New MatrixPDF Toolkit Turns PDFs into Phishing and Malware Lures
Researchers at Varonis have uncovered MatrixPDF, a phishing and malware toolkit that converts legitimate PDF files into interactive lures capable of bypassing email security. First seen on cybercrime forums and advertised via Telegram, the toolkit is marketed as both a phishing simulation and “blackteaming” tool, although its real-world use has centered on credential theft and malware delivery. Attackers can upload a clean PDF and apply deceptive elements, including blurred content, fake “Secure Document” overlays, and clickable prompts that redirect to phishing pages or malicious payloads.

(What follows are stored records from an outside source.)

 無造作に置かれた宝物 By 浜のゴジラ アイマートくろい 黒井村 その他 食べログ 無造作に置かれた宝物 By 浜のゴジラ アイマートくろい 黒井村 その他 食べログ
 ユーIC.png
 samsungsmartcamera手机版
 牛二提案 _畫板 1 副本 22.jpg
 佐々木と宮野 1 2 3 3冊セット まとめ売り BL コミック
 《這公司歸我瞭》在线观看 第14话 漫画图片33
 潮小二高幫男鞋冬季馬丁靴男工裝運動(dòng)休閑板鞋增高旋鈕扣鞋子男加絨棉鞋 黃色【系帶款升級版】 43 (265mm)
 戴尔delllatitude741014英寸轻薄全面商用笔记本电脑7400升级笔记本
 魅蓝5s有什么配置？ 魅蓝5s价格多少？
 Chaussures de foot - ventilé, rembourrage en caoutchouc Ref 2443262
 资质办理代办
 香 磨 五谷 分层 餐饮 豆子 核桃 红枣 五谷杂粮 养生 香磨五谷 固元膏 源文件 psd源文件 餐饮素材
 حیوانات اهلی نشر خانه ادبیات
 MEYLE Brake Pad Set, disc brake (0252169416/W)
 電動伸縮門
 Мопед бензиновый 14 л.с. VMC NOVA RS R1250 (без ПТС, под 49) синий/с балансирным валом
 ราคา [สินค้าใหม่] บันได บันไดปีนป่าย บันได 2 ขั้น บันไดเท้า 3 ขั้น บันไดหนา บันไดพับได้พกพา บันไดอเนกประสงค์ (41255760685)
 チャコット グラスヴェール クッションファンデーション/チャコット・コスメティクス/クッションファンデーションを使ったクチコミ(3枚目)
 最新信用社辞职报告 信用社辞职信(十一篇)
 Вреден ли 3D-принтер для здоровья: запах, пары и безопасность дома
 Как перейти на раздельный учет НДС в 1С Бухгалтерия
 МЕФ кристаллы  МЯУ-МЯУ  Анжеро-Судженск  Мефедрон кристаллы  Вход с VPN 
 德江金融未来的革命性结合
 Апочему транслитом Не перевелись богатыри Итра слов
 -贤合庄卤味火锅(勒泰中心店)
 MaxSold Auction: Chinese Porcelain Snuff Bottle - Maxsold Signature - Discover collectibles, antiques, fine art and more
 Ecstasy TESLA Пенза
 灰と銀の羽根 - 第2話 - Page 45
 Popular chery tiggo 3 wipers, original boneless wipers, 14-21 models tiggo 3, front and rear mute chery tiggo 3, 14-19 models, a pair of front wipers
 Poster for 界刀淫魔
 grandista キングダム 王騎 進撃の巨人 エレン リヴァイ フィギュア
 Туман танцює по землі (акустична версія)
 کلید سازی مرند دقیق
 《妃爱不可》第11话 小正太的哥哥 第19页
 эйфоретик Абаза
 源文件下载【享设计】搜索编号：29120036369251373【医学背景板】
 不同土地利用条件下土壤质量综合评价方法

MatrixPDF also supports embedded JavaScript actions that execute when the file is opened or when a user interacts with the overlay, allowing for stealthy redirections or the automated retrieval of remote resources. Its drag-and-drop interface, real-time preview, and customization features significantly reduce the technical barrier for attackers, while pricing plans ranging from $400 per month to $1,500 annually make it accessible to a wide range of threat actors. What makes MatrixPDF particularly dangerous is its use of external payload delivery, meaning the PDF itself contains no embedded malware and can slip past most email filters. Varonis demonstrated that malicious PDFs built with the toolkit bypassed Gmail’s filters because links were treated as legitimate user-initiated actions when clicked. By hosting phishing portals or malware downloads externally, adversaries ensure that detection occurs only after the victim interacts, a technique that makes automated scanning less effective. Additionally, the blurred content and “secure access” prompts create a false sense of legitimacy, capitalizing on the inherent trust in PDFs as business documents. While some modern viewers warn of outbound connection attempts, the sophistication and realistic design of these lures raise the likelihood of user compliance. To counter these risks, organizations should implement AI-driven email security that inspects PDF structure, identifies visual overlays and fake prompts, and detonates linked content in sandbox environments before delivery to users.